Shinji kam im Februar nach dem Asienfinale von „Jugend trainiert für Olympia“ nach Stuttgart und wurde sogleich ein vollständiges Mitglied der Gruppe, auch wenn er sich meist noch am Rand aufhielt. Seine Einzelergebnisse sind voll befriedigend, bei der Gruppenarbeit mit seinem Nachbarn tut er sich noch etwas schwer. Schloss die entscheidende Prüfung mit Bravour ab, sollte nun in den Sommerferien etwas zur Ruhe kommen.

Sebastian hatte sich im Sommer viel vorgenommen, konnte aber das Lehrpersonal nicht überzeugen, dass sich seine Leistungen verstetigen würden. Daraufhin wechselte er in eine stark bezuschusste benachbarte Einrichtung, wo er sich gut integrierte und in seiner neuen Gruppe eine zentrale Rolle einnahm.

Elson kehrte im Sommer etwas widerwillig von einem Austauschprogramm zurück. Dennoch lebte er sich rasch wieder ein und nahm früh an einigen europaweiten Prüfungen teil. Seine Ergebnisse blieben allerdings durchwachsen, sodass er in der Folge vornehmlich am Übungsbetrieb teilnehmen durfte. Die kurzfristige Hoffnung des neuen Lehrpersonals auf seine standardmäßige Kreativität konnte er nicht erfüllen.

Tamas stieß im Januar zur Gruppe, weil er in seiner bisherigen Einrichtung nicht mehr zu Prüfungen zugelassen wurde. Er zeigte sich von Beginn an sehr kreativ, zielorientiert und standardmäßig verantwortungsbewusst, sodass er rasch zu einem Fixpunkt in der Gruppe wurde, zu deren letztlich gerade noch ausreichenden Prüfungsergebnissen er entscheidend beitrug.
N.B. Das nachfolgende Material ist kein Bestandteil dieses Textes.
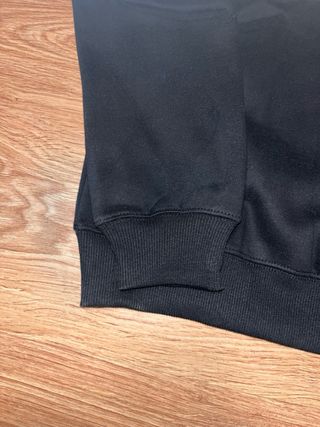 Sudadera Alo Yoga Mujer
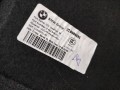 пол багажника BMW X3 G01 2020, 2.0 л., B46 B20 B, бензин, АКПП, черный, внедорожник 5 дв., полный привод, 948-01 - фото №6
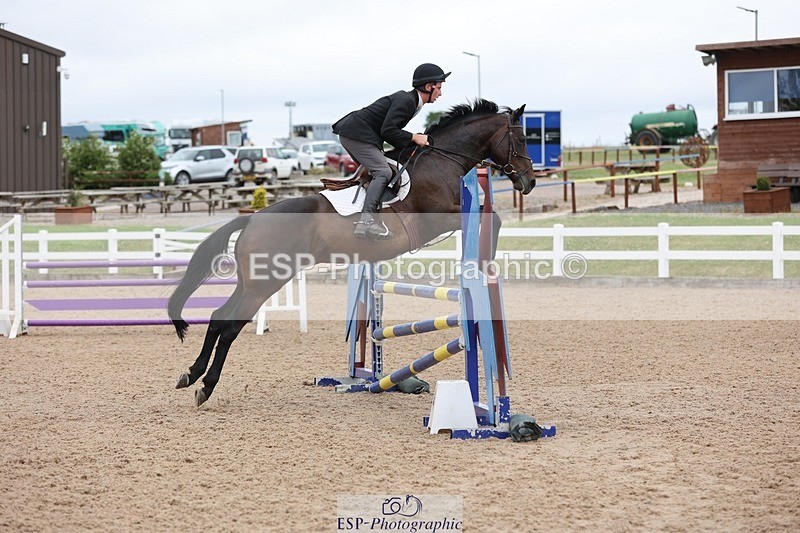 250625-110448-00330 - Cls 2 Discovery and 1m Open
Sein Engagement ist Beispiel gebend, sein Auftreten ebenso. Zum neuen Jahr wird sein Austauschprogramm beendet und er wechselt fest an unsere Einrichtung. Ob er seinen Leistungsvorsprung halten kann, wird abzuwarten sein.
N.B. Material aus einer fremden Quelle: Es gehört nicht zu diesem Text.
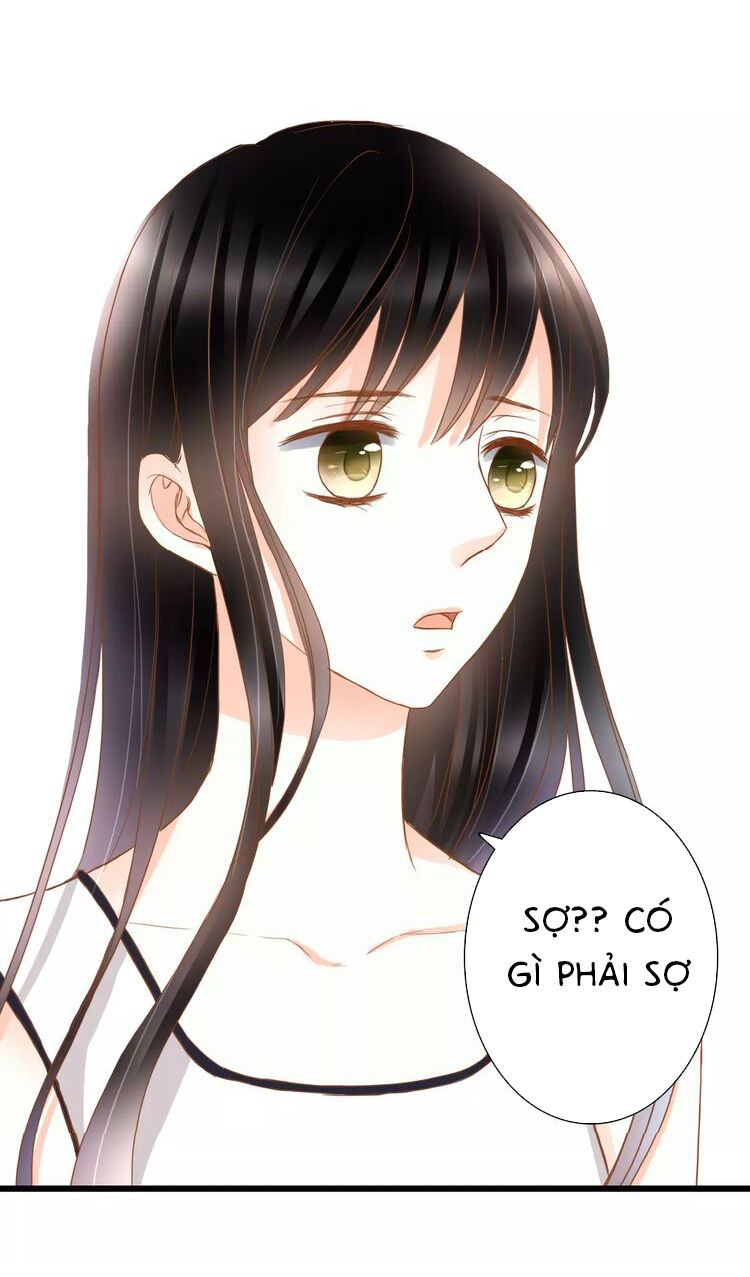 Ở lại thế kỷ này: Chapter 12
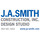 J.A. Smith Construction & Design Studio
Claudemir hatte es in diesem Jahr nicht leicht. Nach den Sommerferien war er mit einer leichten Unzufriedenheit zurückgekehrt, die sich mehr als einmal in unerwarteten, vielleicht auch unkontrollierten Ausbrüchen gegenüber seinen Freunden, aber auch gegenüber den eingeschalteten Mediatoren niederschlug. Seine Leistungen waren überschaubar, sodass er wiederholt nur zu Teilprüfungen zugelassen wurde, sein Gesundheitszustand schien verbesserungswürdig. Dennoch mühte er sich nach Kräften und es gelang ihm, sich hervorragend auf die Abschlussprüfungen vorzubereiten, die er dann mit Bravour absolvierte.
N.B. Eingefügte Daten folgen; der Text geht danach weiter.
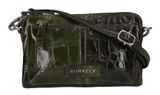BURKELY Cool Colbie Minibag Olive BURKELY Cool Colbie Minibag Olive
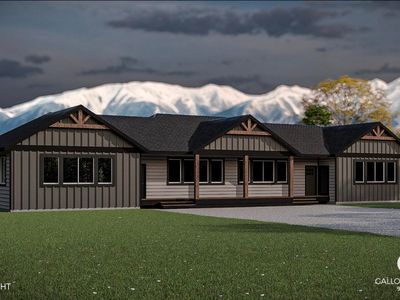 6692 W Lilly Pad Cir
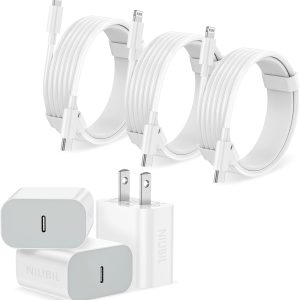 iphone charger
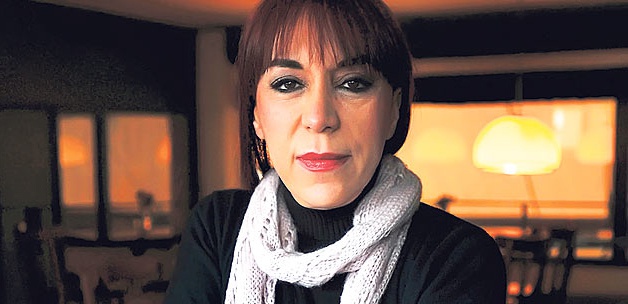 Leman Sam Hakkında "Zorla Getirilme" Kararı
Ciprian konnte nur selten an die guten Leistungen des Vorjahres anknüpfen. Während er zunächst dennoch zu den Prüfungen zugelassen wurde, sah sich das neue Lehrpersonal veranlasst, erst seine Leistungen und dann seine Motivation in Frage zu stellen. Nachdem er sich lautstark über die ihm zugedachten Aufgaben beschwert hatte, wurde er von weiteren Prüfungen ausgeschlossen und drückt seit Februar die Türklinke von außen herunter. Ein Wechsel der Einrichtung wird empfohlen, ein Gespräch ist explizit nicht erwünscht.

Pavel begann das Jahr sehr motiviert und erzielte im Schnitt gute Ergebnisse, wenn auch mit starken Ausschlägen nach oben und unten. Sein Engagement war stets vorbildlich, genau wie seine Unterstützung für die Kameraden. Defizite sind bei der Kreativität und hinsichtlich seiner technischen Fertigkeiten zu beklagen; zudem handelt er nach wie vor zu häufig in der irrigen Annahme, den Abschluss mit links machen zu können. Die Übernahme ins neue Jahr erfolgt auf Probe, ein Wegzug ist nicht ausgeschlossen.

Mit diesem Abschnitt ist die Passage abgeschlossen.